NEC Energy Solutions has revealed plans to install 100 MW of energy storage capacity at two sites in Northern Ireland, backed by engineering, procurement and construction services. Under the terms of the deal, NEC will also provide its GSS end-to-end grid storage solution, as well as AEROS, its proprietary energy storage control software.
The battery storage company, part of Japanese tech giant NEC Corp, claims the two 50 MW projects will be the biggest energy storage systems in Northern Ireland upon completion. NEC did not disclose the financial terms of the deal or reveal additional details about the technologies planned for use.
The energy storage company is building the two systems on behalf of London-based project developer Low Carbon and investor the Gore Street Energy Storage Fund (GSF). The deal is the second round of projects NEC has secured from GSF and Low Carbon.
NEC Energy Solutions is installing the 50 MW systems at Drumkee, in County Tyrone, and Mullavilly, in County Armagh. The projects are likely to receive public backing from the Delivering a Secure Sustainable Electricity System (DS3) scheme operated by state-owned electricity transmission system entities EirGrid, based in the Republic of Ireland, and the System Operator for Northern Ireland unit it owns.
Steve Fludder, chief executive of NEC Energy Solutions, said the storage projects mark the latest step in Northern Ireland’s “tremendous progress” in the deployment of clean energy, noting 44% of the province’s electricity consumption came from renewables last year.

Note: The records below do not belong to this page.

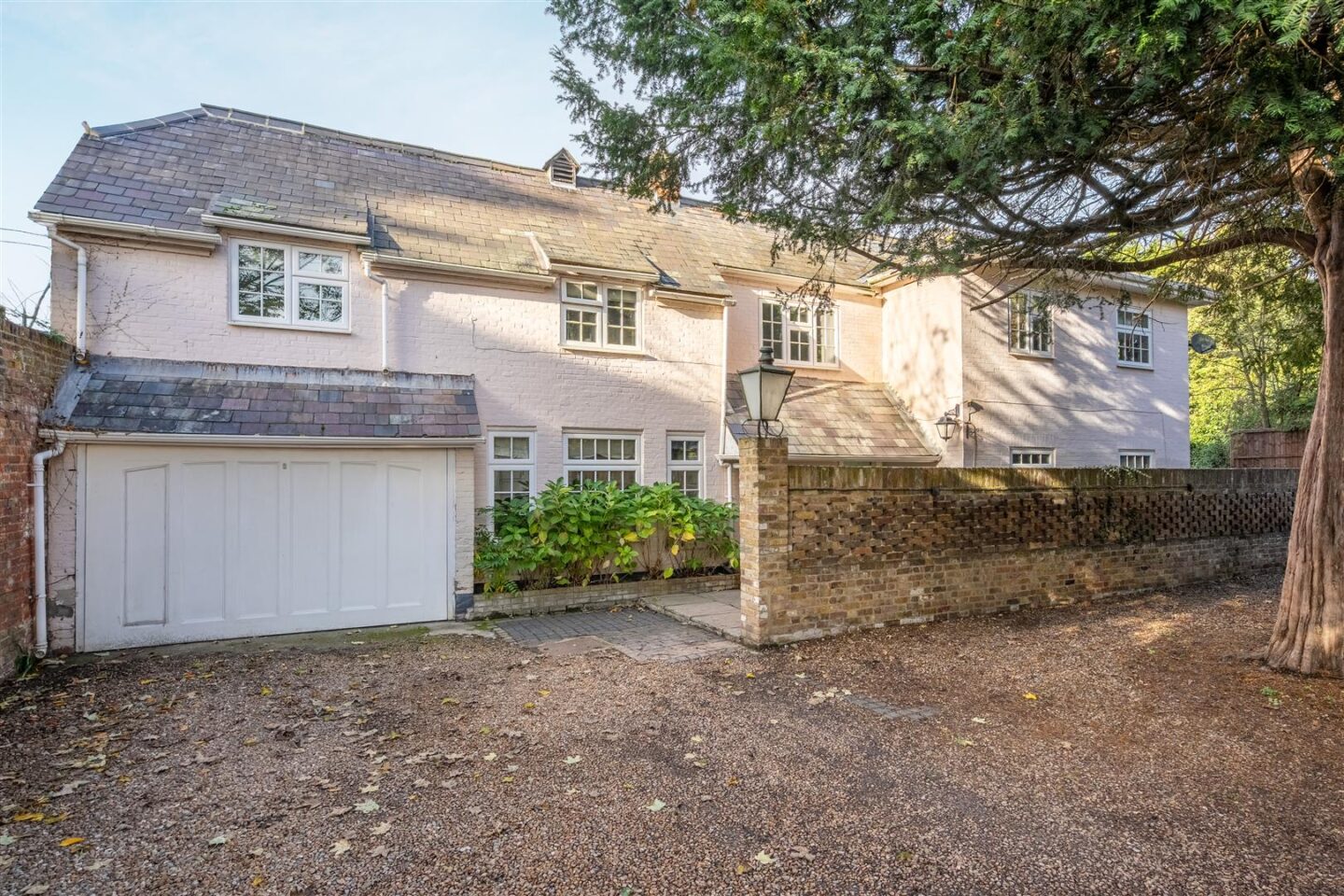 High Street, Datchet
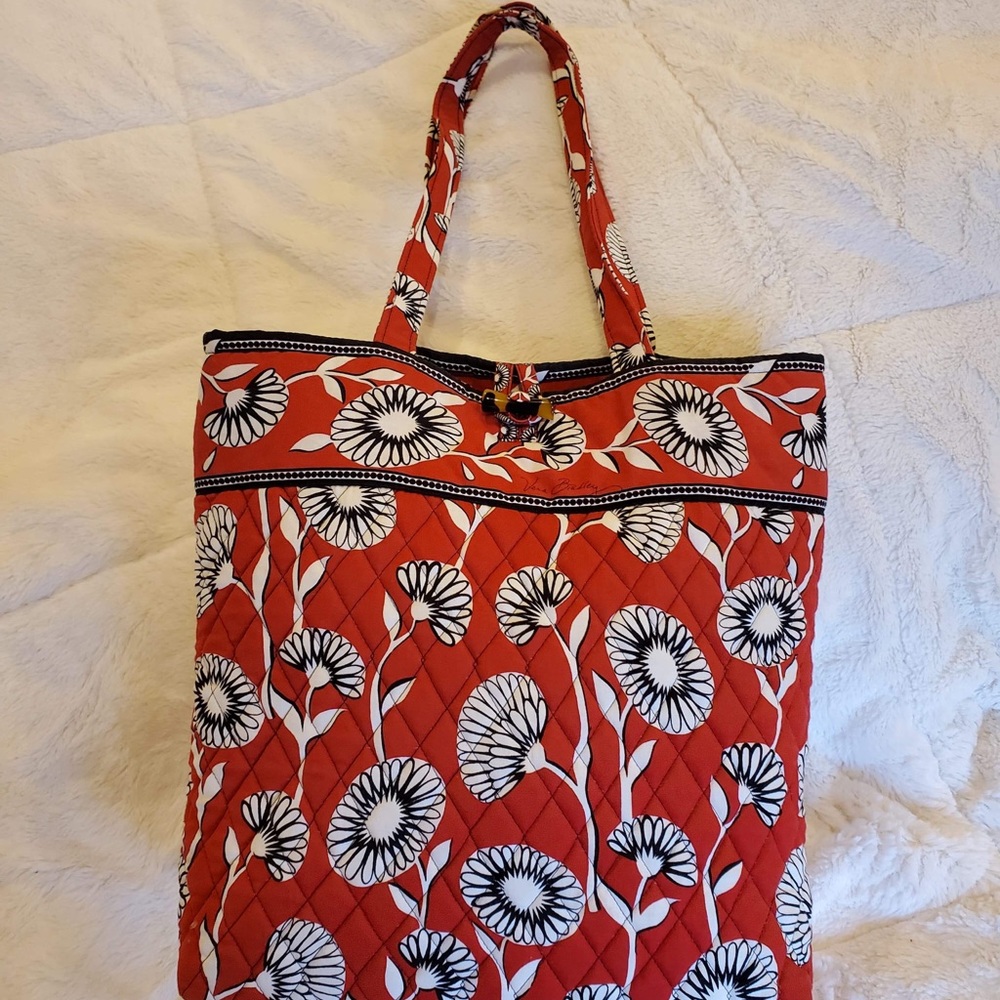 Vera Bradley purse with matching wallet!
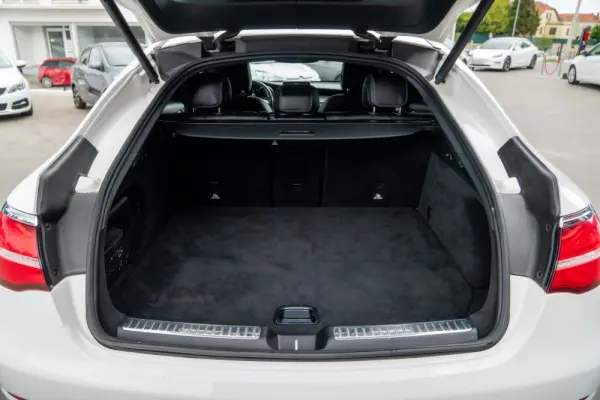 Mercedes-Benz GLC 250 d Coupé AMG Line 4-Matic 36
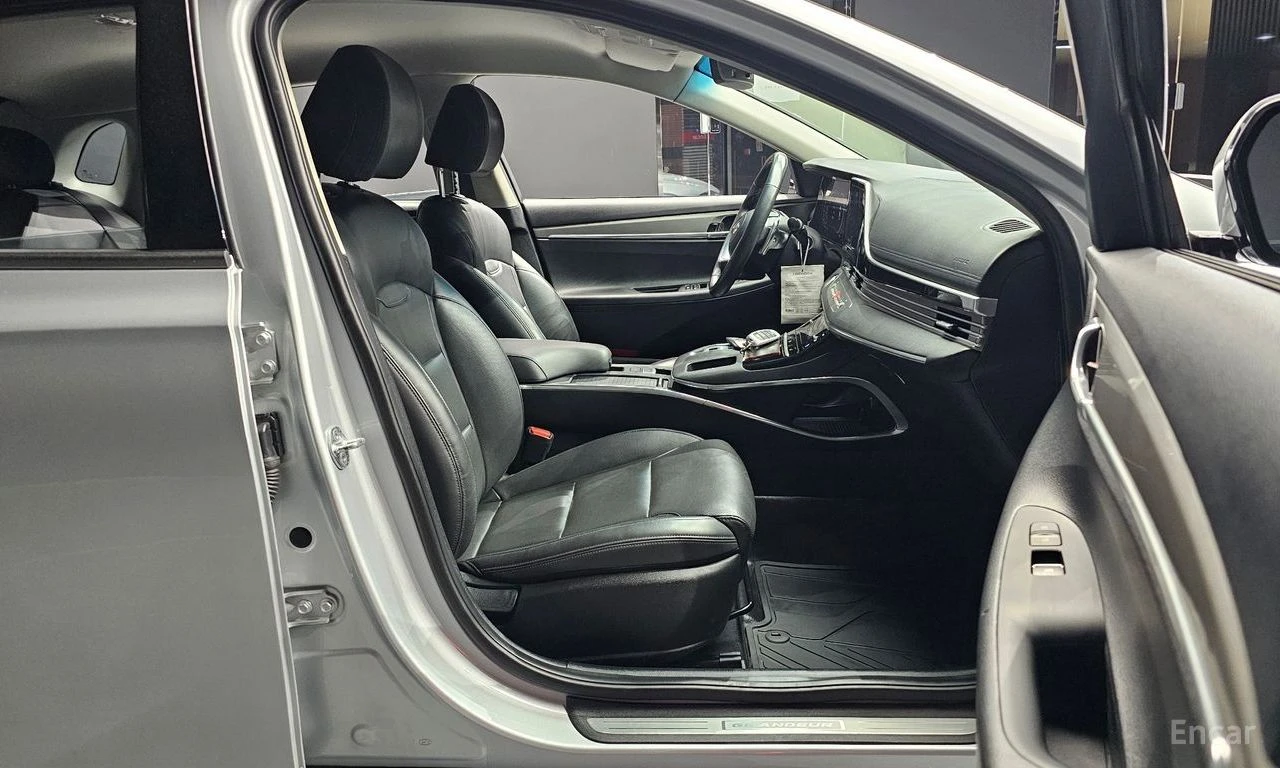 Hyundai Grandeur 3.0* LPI* PREMIUM* ПОДГРЕВ* ОБДУХВАНЕ* 360КАМЕРА* , снимка 15 - Автомобили и джипове - 54575627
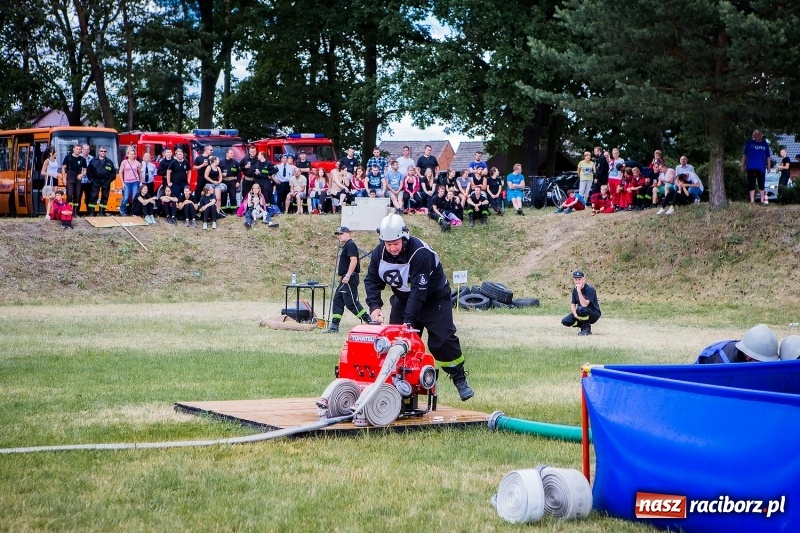 Zdjęcie w galerii na portalu naszraciborz.pl: Gminne zawody sportowo-pożarnicze w Jankowicach. OSP Turze zgarnęła wszystko wiadomości z regionu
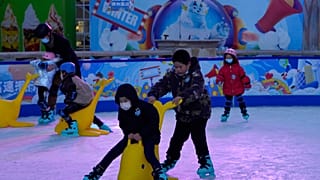 Niños juegan en un centro comercial reabierto en Pekín, China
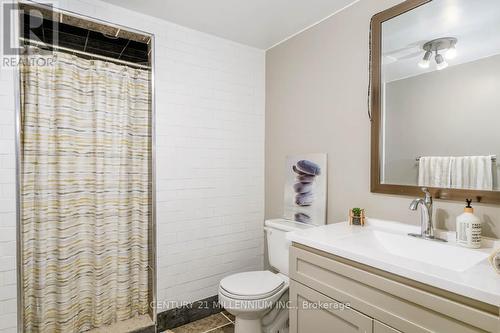 20334 Main Street, Caledon, ON - Indoor Photo Showing Bathroom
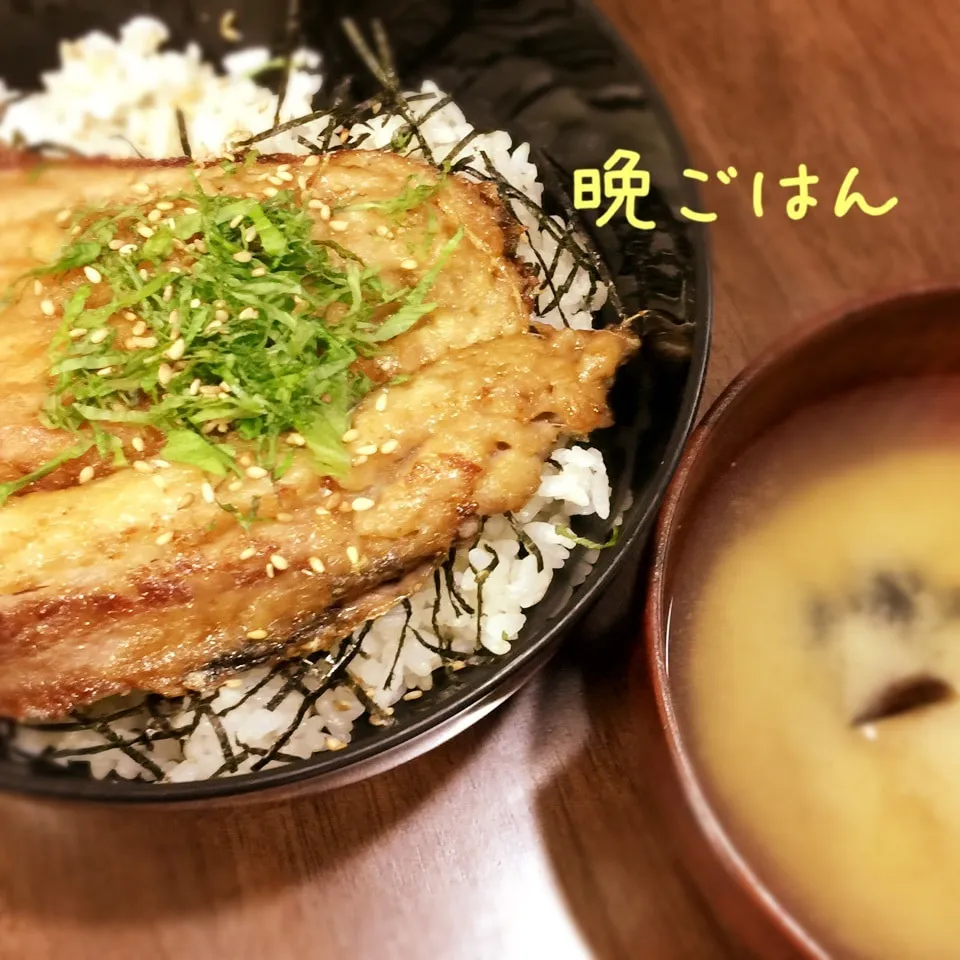 Snapdishの料理写真:いわしの蒲焼き丼&しじみ汁|み〜さん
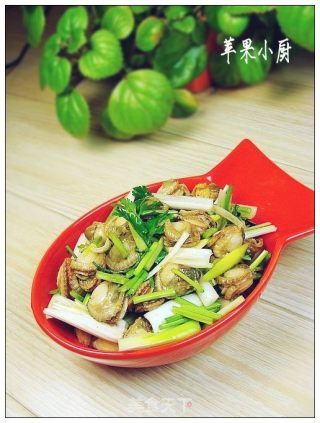 葱丝拌贝丁的做法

“This easily beats Northern Ireland’s renewable target of 40% and occurred one year ahead of its 2020 deadline,” Fludder said. “Energy storage, via the DS3 program, makes more of this possible.”
The DS3 program is designed to help Ireland to meet its solar and wind generation capacity targets across the all-island network. The DS3 market includes fixed and standard contracts across the Irish grid.
Alex O’Cinneide, CEO of Gore Street Capital, said the storage projects will be critical to solar and wind deployment in Northern Ireland as the system operator has been struggling to manage the power system as more variable renewables such as solar come online.
“As investment in sources of volatile renewable generation to supply the grid in Ireland continues to increase – supported in particular by excellent wind generation potential – assets such as these will form a major step in advancing Ireland’s climate change objectives,” O’Cinneide said.